Problem to solve: Provide again, from the entries below, every line from the one containing "Ladislav Beran A zabij ho potichu!" through the one containing "Duo de l'Africana", exactly as written, and no other line.

Exercise inputs:
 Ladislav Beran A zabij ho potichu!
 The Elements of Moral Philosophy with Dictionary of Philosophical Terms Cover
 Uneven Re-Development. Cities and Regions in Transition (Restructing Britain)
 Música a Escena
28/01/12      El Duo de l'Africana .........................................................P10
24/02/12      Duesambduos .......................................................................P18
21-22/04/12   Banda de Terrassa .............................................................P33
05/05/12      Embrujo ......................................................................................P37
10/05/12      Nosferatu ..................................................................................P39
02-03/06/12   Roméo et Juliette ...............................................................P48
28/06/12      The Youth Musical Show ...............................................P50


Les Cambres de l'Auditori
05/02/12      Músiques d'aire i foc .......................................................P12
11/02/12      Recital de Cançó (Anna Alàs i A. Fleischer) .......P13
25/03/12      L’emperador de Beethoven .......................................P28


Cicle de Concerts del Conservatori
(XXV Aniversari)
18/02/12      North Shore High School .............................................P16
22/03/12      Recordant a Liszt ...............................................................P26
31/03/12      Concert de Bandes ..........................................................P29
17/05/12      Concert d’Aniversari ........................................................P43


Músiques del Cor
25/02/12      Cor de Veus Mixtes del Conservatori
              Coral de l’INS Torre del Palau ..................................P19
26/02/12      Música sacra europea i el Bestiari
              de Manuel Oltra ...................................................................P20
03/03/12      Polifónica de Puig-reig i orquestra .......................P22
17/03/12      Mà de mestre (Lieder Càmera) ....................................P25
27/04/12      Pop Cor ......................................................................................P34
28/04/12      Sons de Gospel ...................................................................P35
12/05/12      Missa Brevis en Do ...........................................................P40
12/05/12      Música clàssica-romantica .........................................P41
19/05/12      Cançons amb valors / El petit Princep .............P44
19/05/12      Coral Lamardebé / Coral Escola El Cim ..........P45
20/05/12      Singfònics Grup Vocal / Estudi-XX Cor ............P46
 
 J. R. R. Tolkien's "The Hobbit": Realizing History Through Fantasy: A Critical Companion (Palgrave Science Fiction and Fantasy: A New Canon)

---

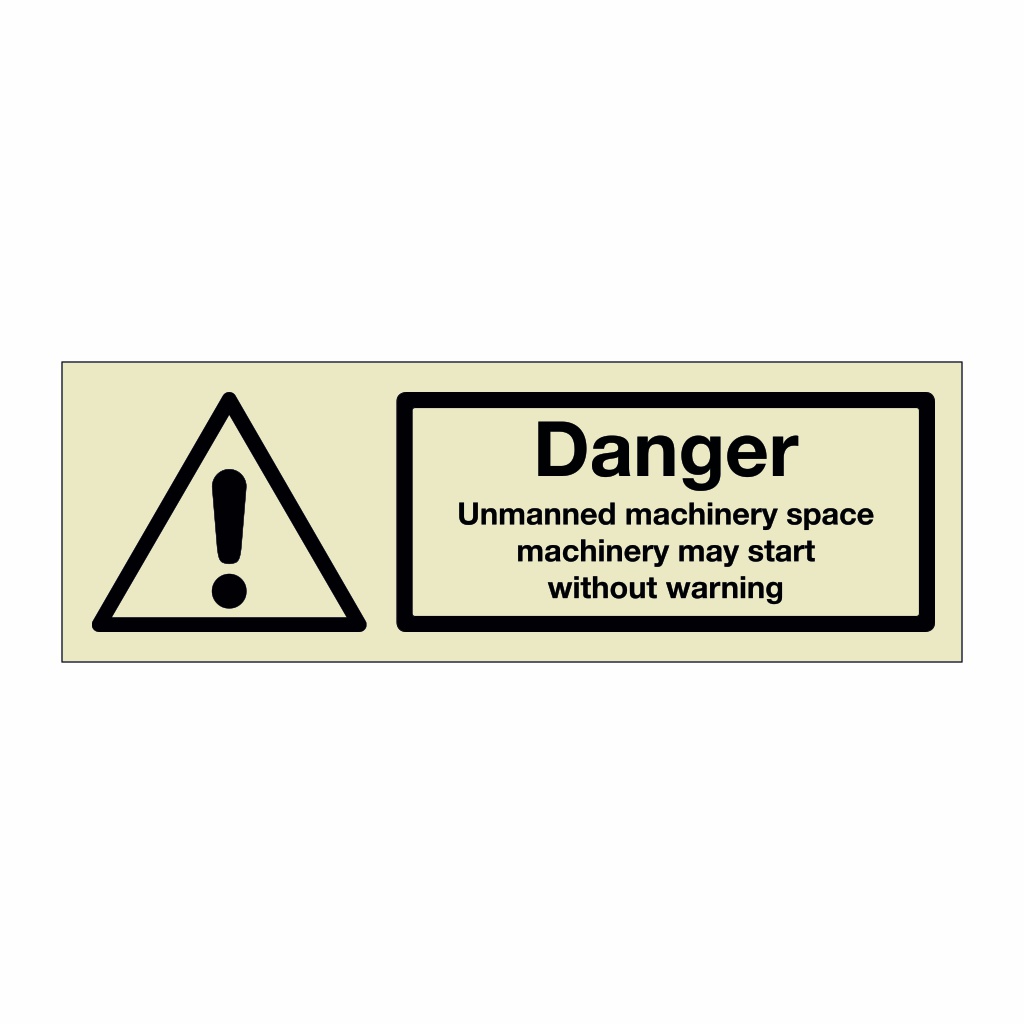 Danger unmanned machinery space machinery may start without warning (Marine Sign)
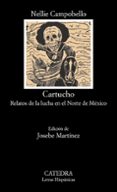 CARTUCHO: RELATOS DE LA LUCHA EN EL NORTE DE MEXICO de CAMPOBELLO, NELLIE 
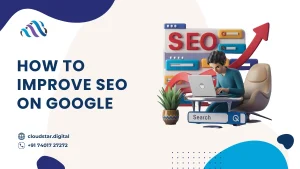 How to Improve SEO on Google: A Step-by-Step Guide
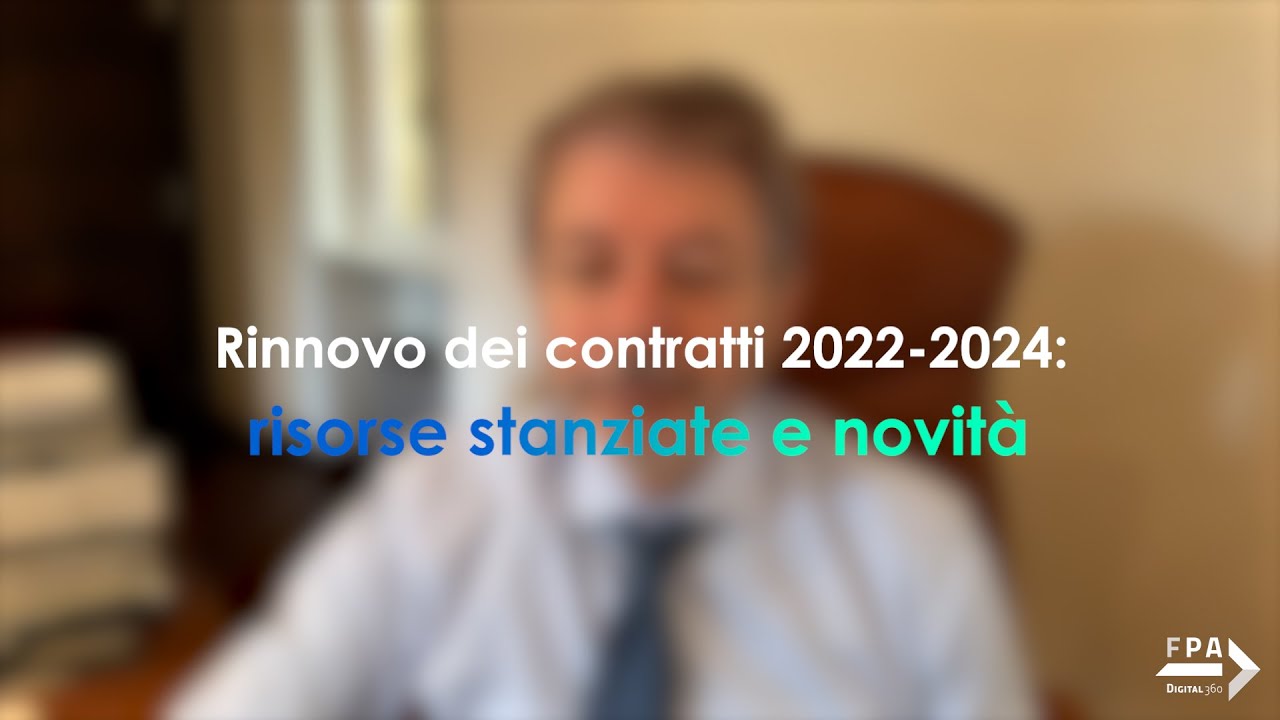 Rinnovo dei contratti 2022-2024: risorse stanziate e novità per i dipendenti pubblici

Result of the exercise:
 Ladislav Beran A zabij ho potichu!
 The Elements of Moral Philosophy with Dictionary of Philosophical Terms Cover
 Uneven Re-Development. Cities and Regions in Transition (Restructing Britain)
 Música a Escena
28/01/12      El Duo de l'Africana .........................................................P10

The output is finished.